### Work instruction
Write out the records in full and without alteration, setting aside their pictures.

### Data provided
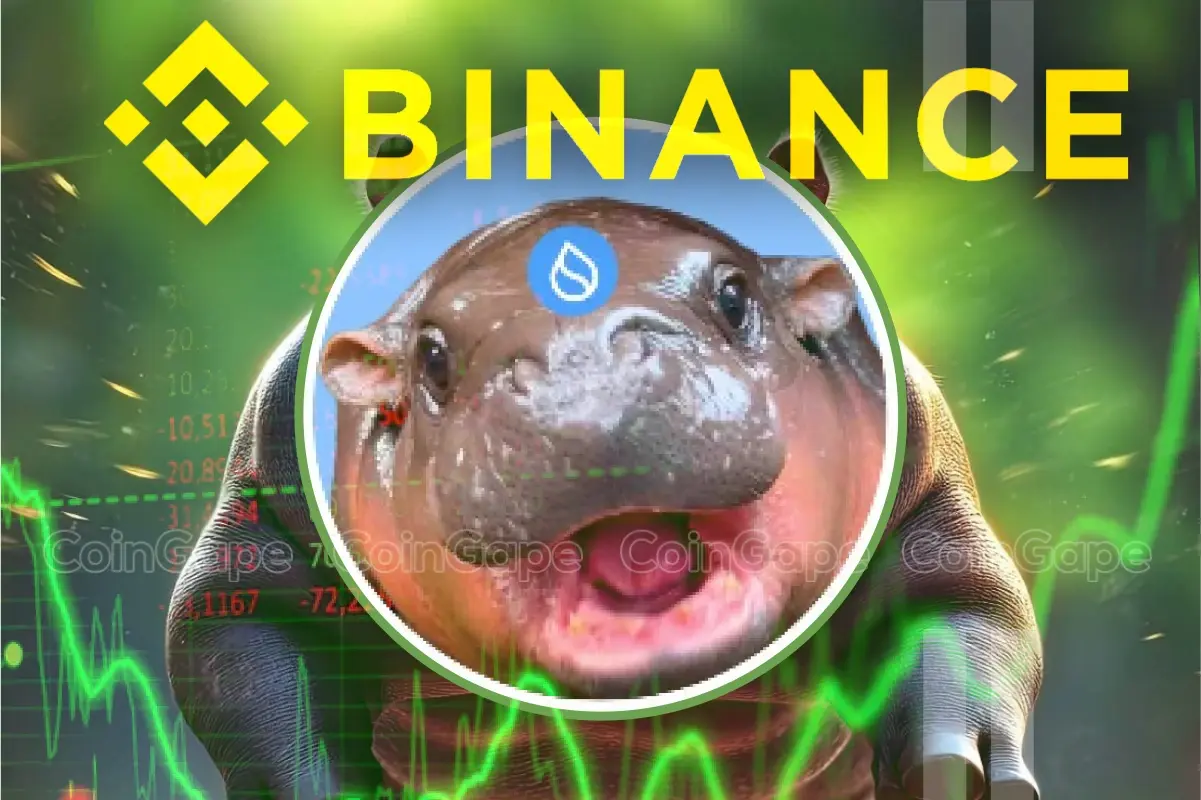 Hippo Price Rockets 105 As Binance Lists Sudeng With 75x Leverage Rally To Sustain .webp.webp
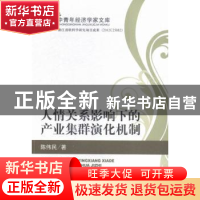 正版 人情关系影响下的产业集群演化机制 陈伟民著 经济科学出版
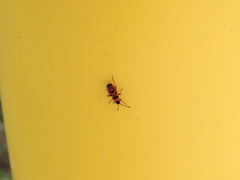 Horvathiolus guttatus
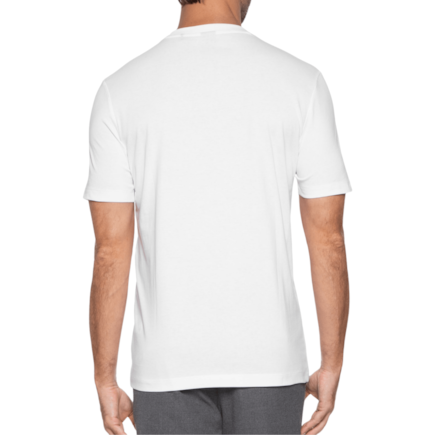 image_4437563d-bfd6-4b3f-8183-b511602f00b9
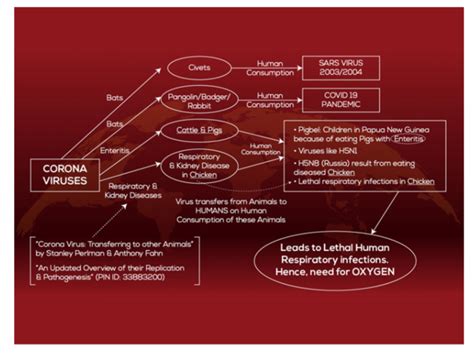 COVID 19 : Human Consumption of Pangolin/Badgers caused the Pandemic ...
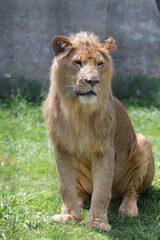 O leão é uma espécie de mamífero carnívoro do gênero Panthera e da família Felidae. A espécie é atualmente encontrada na África.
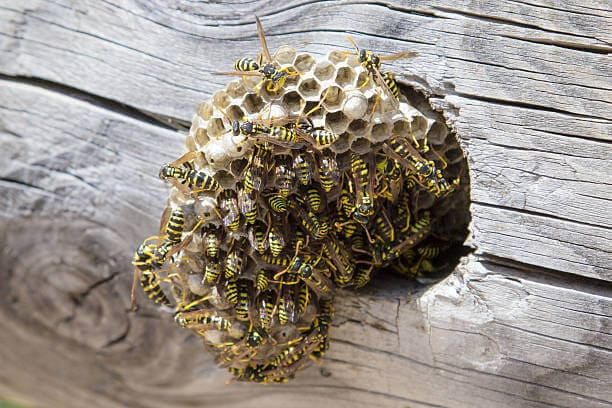 come eliminare un nido di vespe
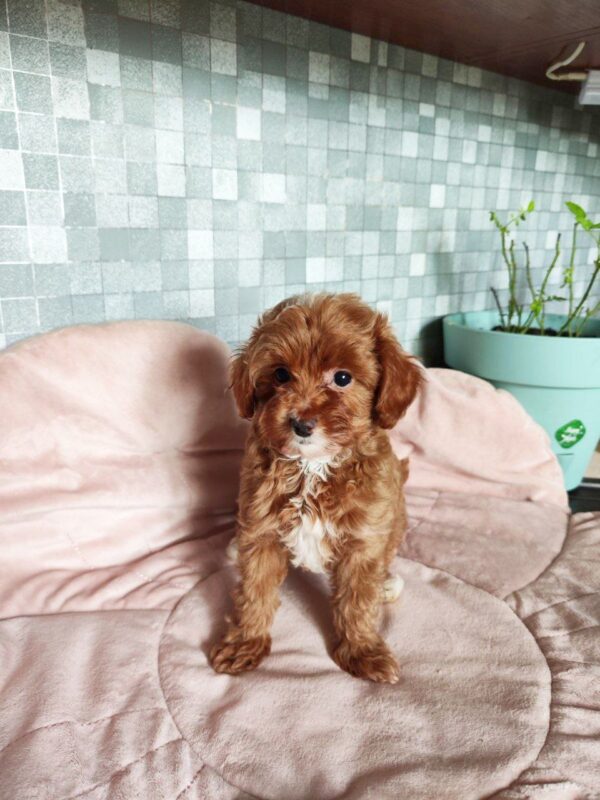 Amira Maltipoo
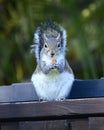 Squirrel holding an almond.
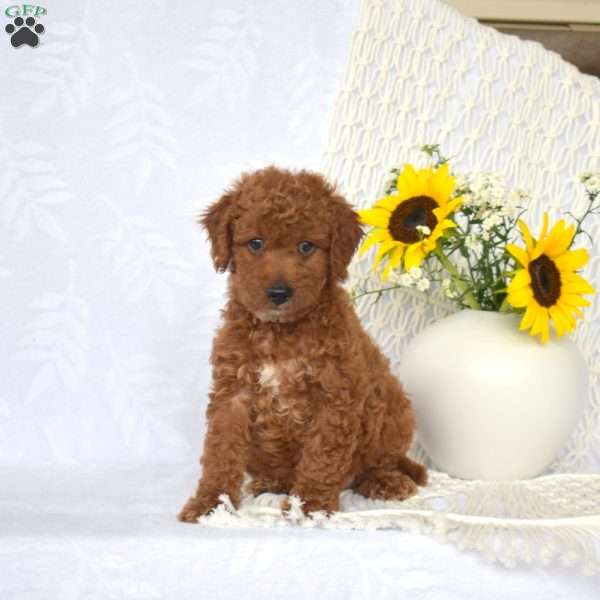 Lexi, Mini Goldendoodle Puppy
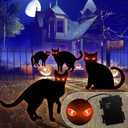Pack of 3 Halloween Yard Signs with Lights, 4 PCS Black Cats Outdoor Decorations, Trick or Treat Yard with Stakes, Corrugate Waterproof Halloween Thickened Themed Lawn Decorating for Pathway, Garden, Outside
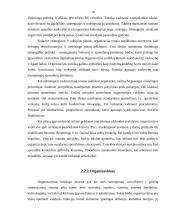 Valdymo funkcijos (klasifikavimas ir vykdymo organizavimas) 10 puslapis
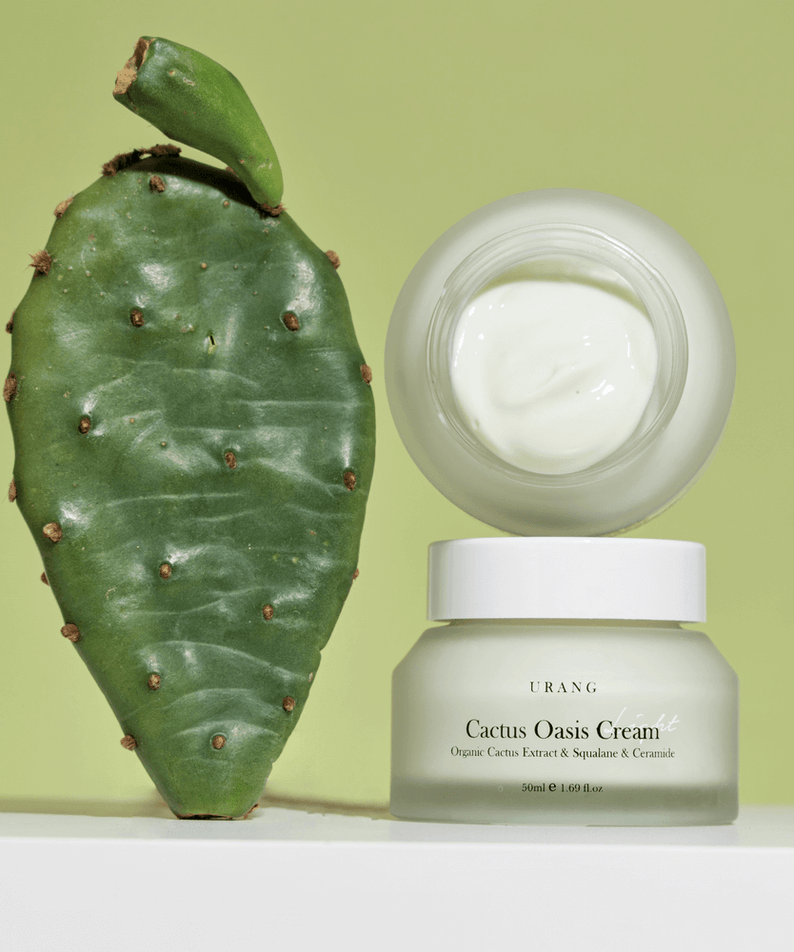 URANG Cactus Oasis Cream 50ml jar beside cactus pad for skincare hydration and moisture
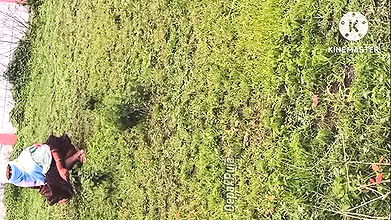 Marathi girls’ friend takes him on a tour of village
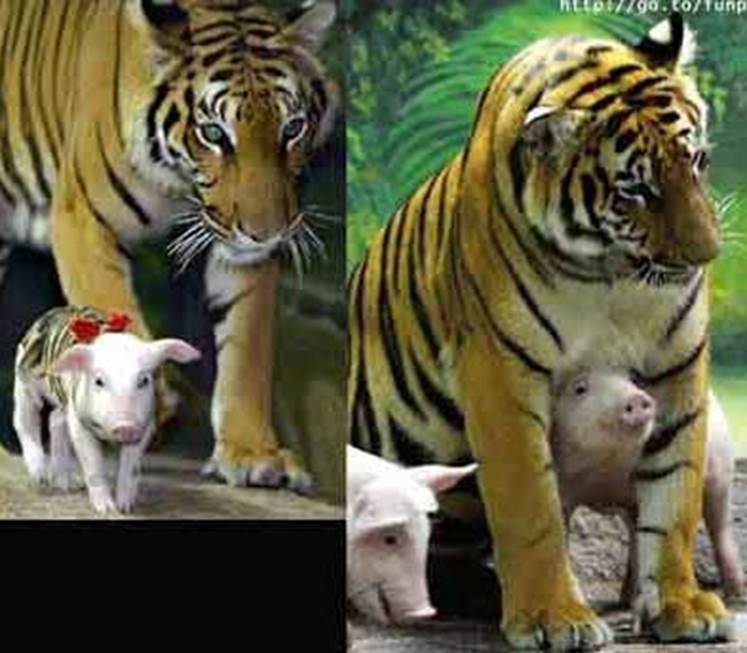 http://www.factzoo.com/sites/all/img/animalpairs/tiger-piggs.jpg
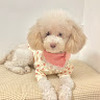 Chachi_the_Poodle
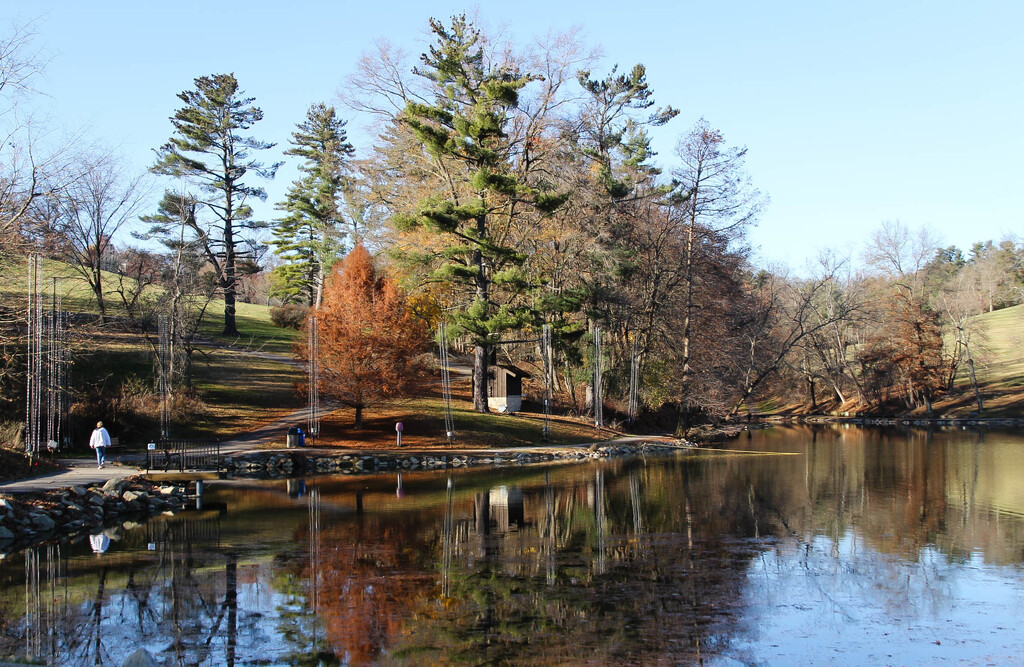 Pretty park scene with reflections. by mittens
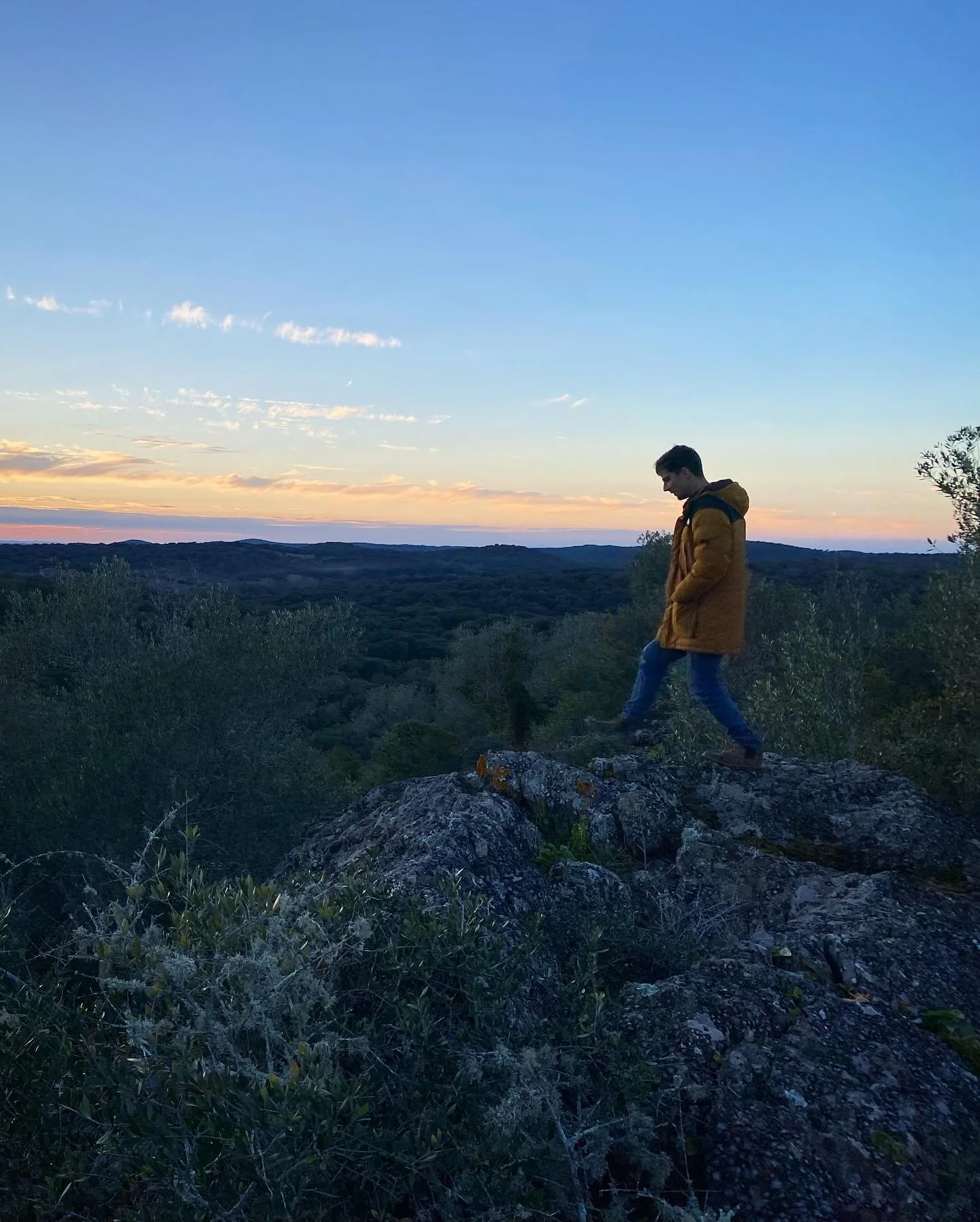 Site visit of dreams in Montemor o Novo. 
What a land, what a place ✨✨✨✨Full of life, colours, light and adventure. Luckily the third generation land owners are opening their gates so everyone can have the chance to experience this piece of paradise 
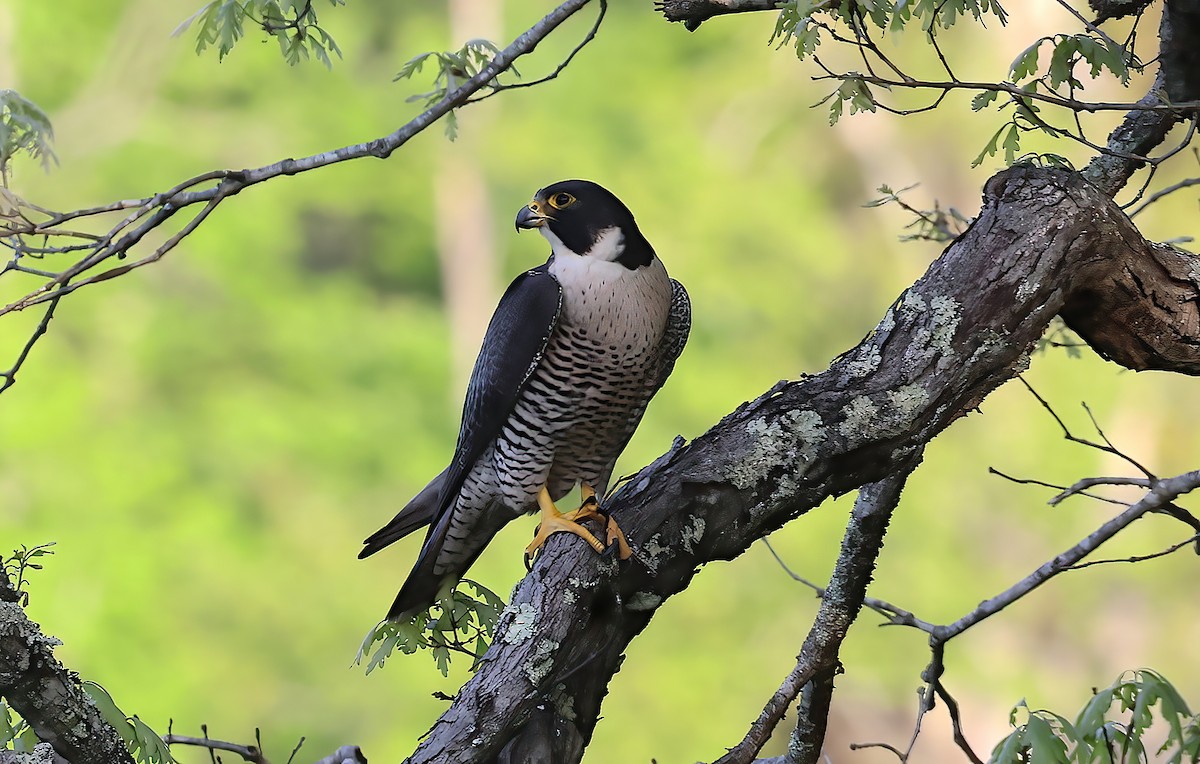 Peregrine Falcon - ML642370766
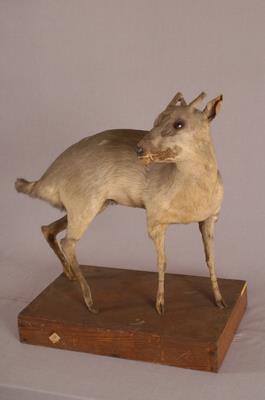 山羌藏品圖，第4張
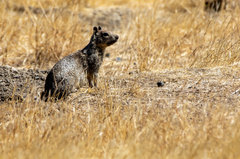 Otospermophilus beecheyi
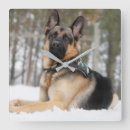 Recherche de berger allemand horloges Animal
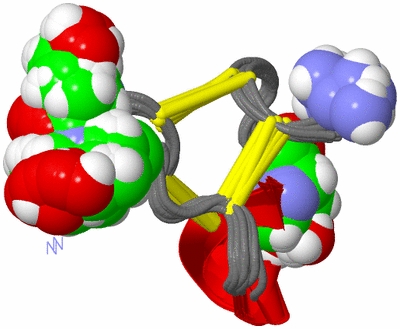 Image NMR Structure - all models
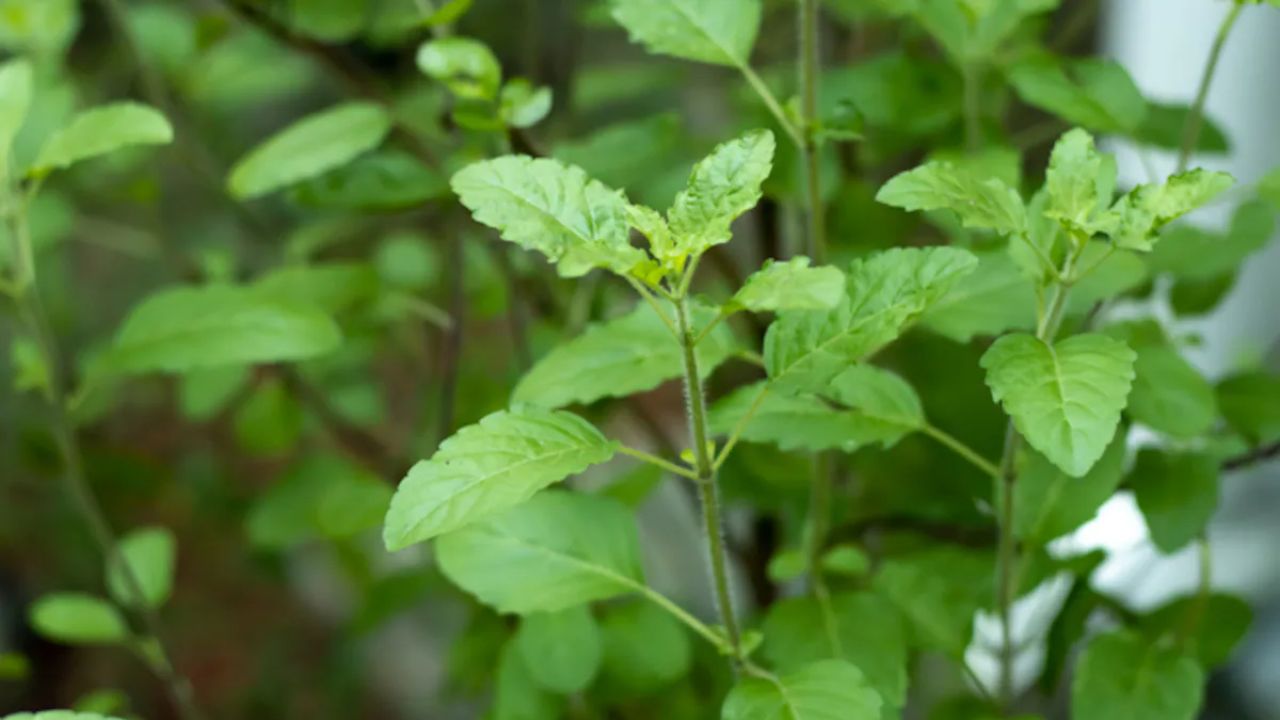 Tulasi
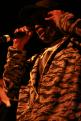 Robert Roccobelly 073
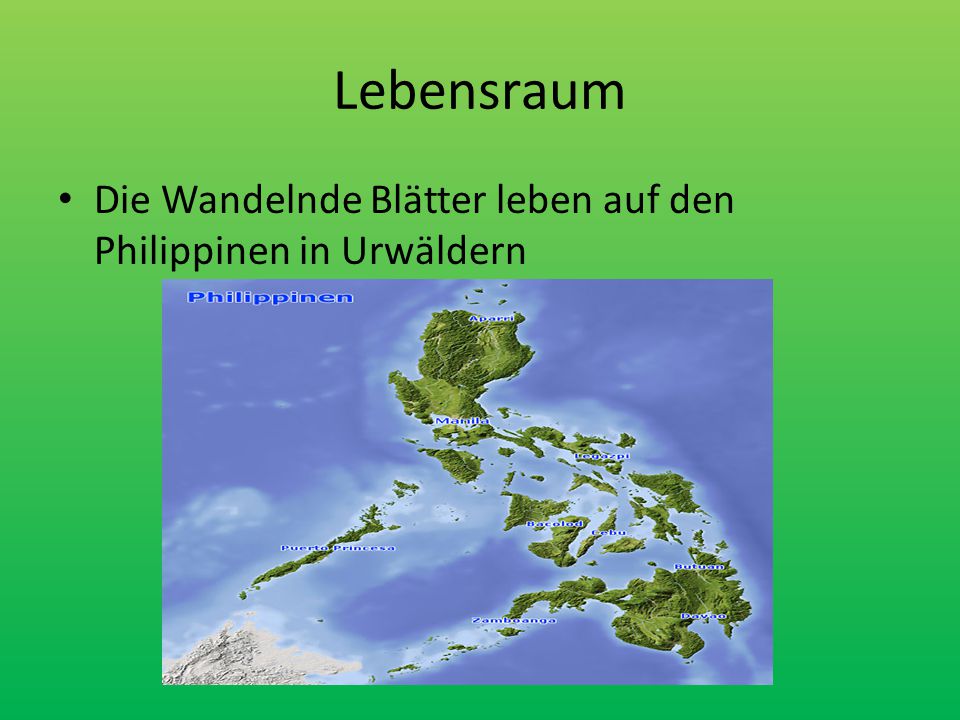 Lebensraum Die Wandelnde Blätter leben auf den Philippinen in Urwäldern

### Task result
 Hippo Price Rockets 105 As Binance Lists Sudeng With 75x Leverage Rally To Sustain .webp.webp
 正版 人情关系影响下的产业集群演化机制 陈伟民著 经济科学出版
 Horvathiolus guttatus
 image_4437563d-bfd6-4b3f-8183-b511602f00b9
 COVID 19 : Human Consumption of Pangolin/Badgers caused the Pandemic ...
 O leão é uma espécie de mamífero carnívoro do gênero Panthera e da família Felidae. A espécie é atualmente encontrada na África.
 come eliminare un nido di vespe
 Amira Maltipoo
 Squirrel holding an almond.
 Lexi, Mini Goldendoodle Puppy
Pack of 3 Halloween Yard Signs with Lights, 4 PCS Black Cats Outdoor Decorations, Trick or Treat Yard with Stakes, Corrugate Waterproof Halloween Thickened Themed Lawn Decorating for Pathway, Garden, Outside
 Valdymo funkcijos (klasifikavimas ir vykdymo organizavimas) 10 puslapis
 URANG Cactus Oasis Cream 50ml jar beside cactus pad for skincare hydration and moisture
 Marathi girls’ friend takes him on a tour of village
 http://www.factzoo.com/sites/all/img/animalpairs/tiger-piggs.jpg
 Chachi_the_Poodle
 Pretty park scene with reflections. by mittens
 Site visit of dreams in Montemor o Novo. 
What a land, what a place ✨✨✨✨Full of life, colours, light and adventure. Luckily the third generation land owners are opening their gates so everyone can have the chance to experience this piece of paradise 
 Peregrine Falcon - ML642370766
 山羌藏品圖，第4張
 Otospermophilus beecheyi
 Recherche de berger allemand horloges Animal
 Image NMR Structure - all models
 Tulasi
 Robert Roccobelly 073
 Lebensraum Die Wandelnde Blätter leben auf den Philippinen in Urwäldern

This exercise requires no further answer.